Oh, and BTW, there is not much better smelling than a boiling batch of wort! I do all grain batches so my precess in very different than you would experience with a no boil kit but just had to throw out there that I love the smell ofbeer/hops boiling in the morning. 


Also, it is only sticky/messy the first time or two you make a batch. Once you get your process down you make much much much less of a mess. I am anxious to hear others input on these kits. The process manufacturing these kits sounds very interesting. I have not been impressed with any of the regular extract/boil kits I have done although most swear by them. I think I must of made an error along the way as none would clear.




Mashing











Lautering








Boil








Boil Done, ready to move to fermenter


----------



## masta (Mar 24, 2008)

smurfe is right on with the larger primary and liquid yeast as much of the flavor comes from the correct yeast. Having the manufacturer telling you to change things and experiment is a new concept for us wine kit makers who always stress to follow the instructions exactly.

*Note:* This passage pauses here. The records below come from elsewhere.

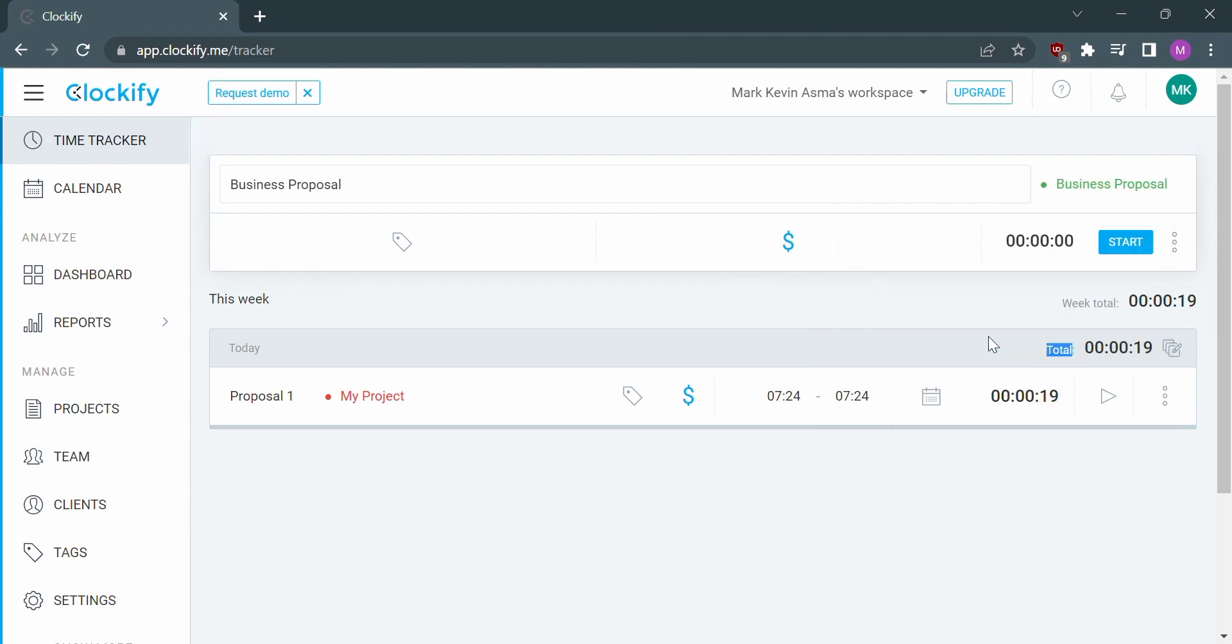So I would choose business proposal in which you can also start your timer.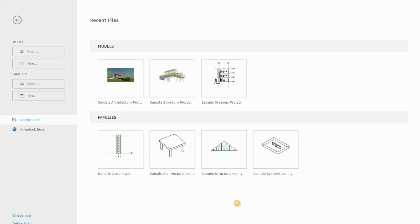Hi everyone, it's Eva and welcome to my channel Revit Plus. In today's episode I'm going to show you how to customize a curtain wall panel, so let's start.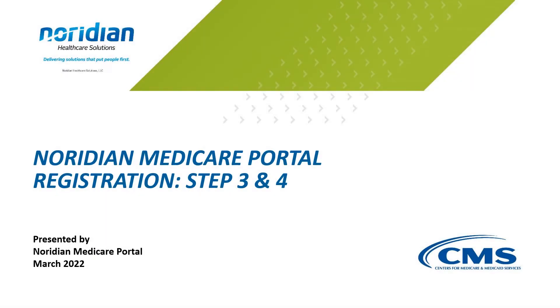Welcome to the Noridian Medicare Portal Registration Tutorial. In this video, I will go over Step 3 and 4 of the registration process.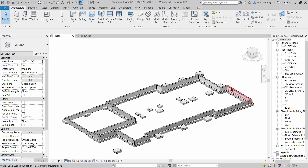We're going to go ahead and add this foundation wall here and the footing that goes below it. We might add some of these guys too if we have time, but that might be for the next video.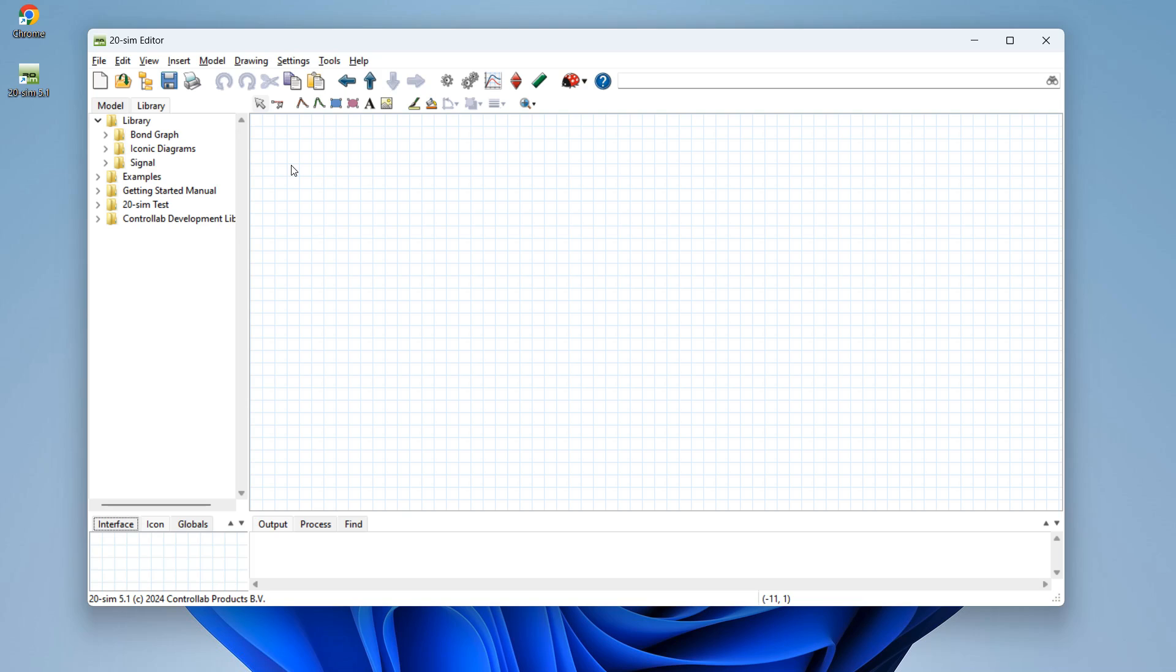In this video I will show you how to make a model and run a simulation in 20SIM. When you open 20SIM you will see the editor, which is where we can assemble blocks together into a model.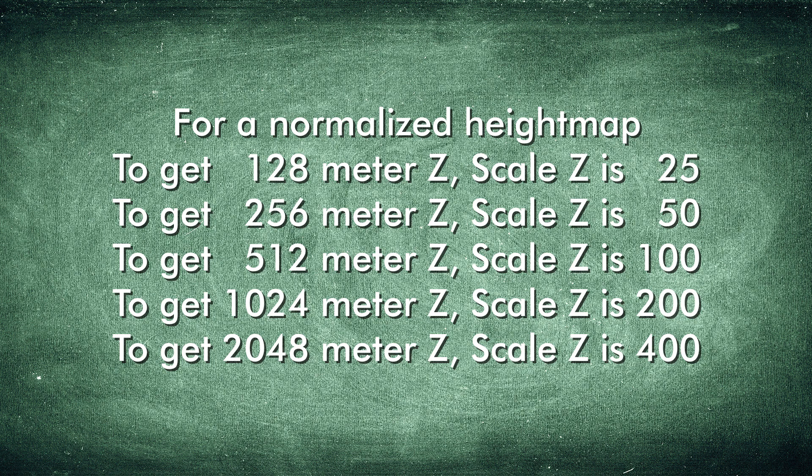And to obtain an altitude range of 1024 meters, the landscape scale Z would be set to 200.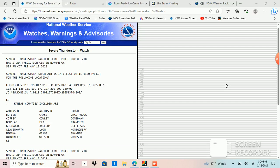Remember, a severe thunderstorm watch means the conditions are favorable for the development of severe weather, including large hail and damaging winds, in and close to the watch area. While severe weather may not be imminent,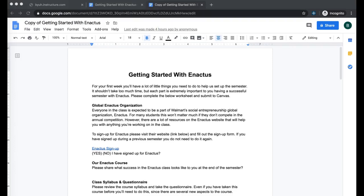Aloha entrepreneurs and welcome to the second tutorial on how to work with Google Docs with your assignments on Canvas. In the first tutorial we talked about how to make a copy of the assignment.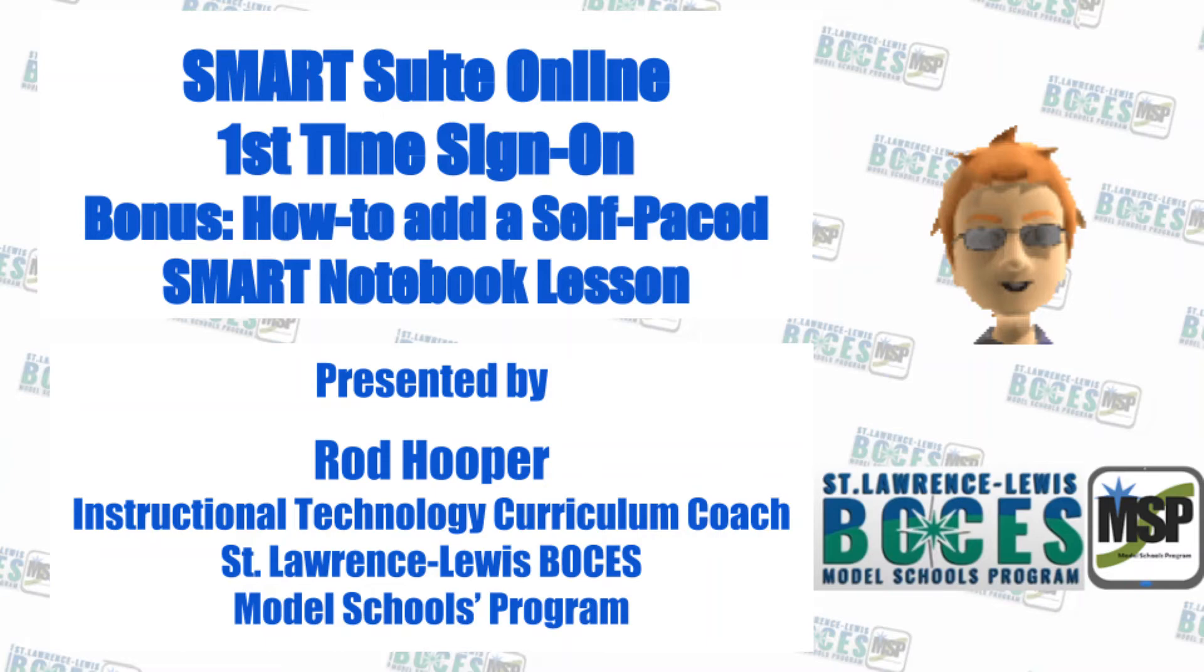Welcome to a Smart Suite Online first-time sign-on with a bonus of how to add a self-paced Smart Notebook lesson, presented by me, Rod Hooper, Instructional Technology Curriculum Coach for the St. Lawrence Lewis-Bosey's Model Schools Program.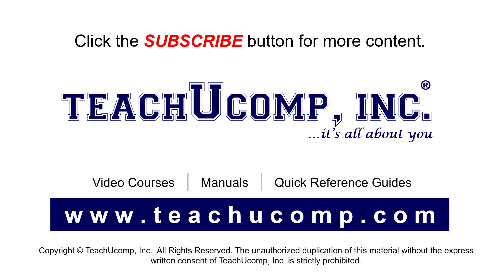Remember to click the Subscribe button to see more of our videos. See our full suite of courses, instruction manuals, and quick reference guides at www.teachucomp.com.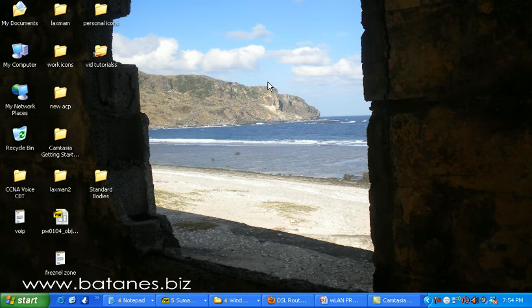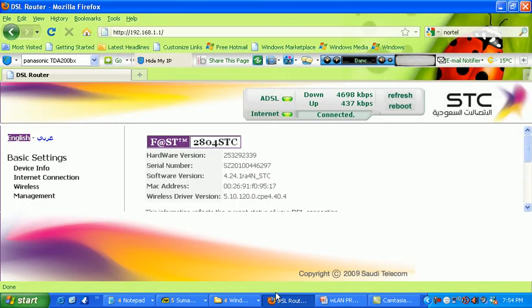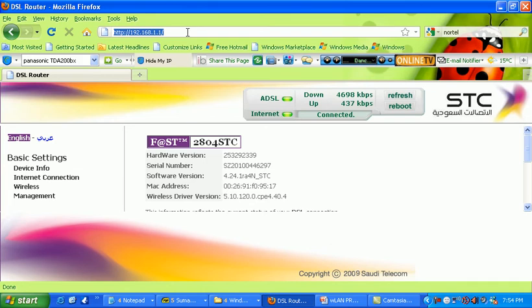After that, power on the device and open the browser. You can use Firefox, any browser, Internet Explorer, or Safari. Then input here 192.168.1.1. That is the default gateway of the device.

There must be a real die-hard brewer working at RJS who has spent lots of time testing and providing some great info.



*Edited by: masta *


----------



## Wade E (Mar 24, 2008)

Smurf, how big of a batch do you have going in that keg that it is almost full?


----------



## smurfe (Mar 24, 2008)

That is a 10 gallon batch. Actually I just noticed that I posted the wrong pic. That is during the boil. There is around 12 gallons in that pot at that moment. After boil off, there will be about 10.5 gallons left.*Edited by: smurfe *


----------



## openbeerz (Feb 6, 2009)

I just read the tutorial that masta posted back in march,wish I would have seen it before I started my first two beer kits,now I see that on my first kit my mistake was to pour all the cooled wort into the primary solids and all,when I racked it to a glass carboy a week later I strained out all the solids,hope it turns out allright.On my second kit I boiled with the lid on half way now I see it's best to use no lid at all but at least I strained out the solids on the second kit.Boath kits are brewers best,do you think they have a chance


----------



## smurfe (Feb 7, 2009)

Yeah you don't want the lid on. Your goal is to boil some of the water out of the liquid to raise the sugar concentration levels aka your gravity.It is like when a chef reduces a sauce.If your lid wasn't on tight it ought to be fine as steam still escaped. 


In regards to the solids after the boil you transfered hop trub and probably hot break materials. That will fall out in the secondary. You may have a cloudy beer and you may have a bit lower alcohol content from boiling with a lid on but you know the best part of all of it? It will still be beer!


----------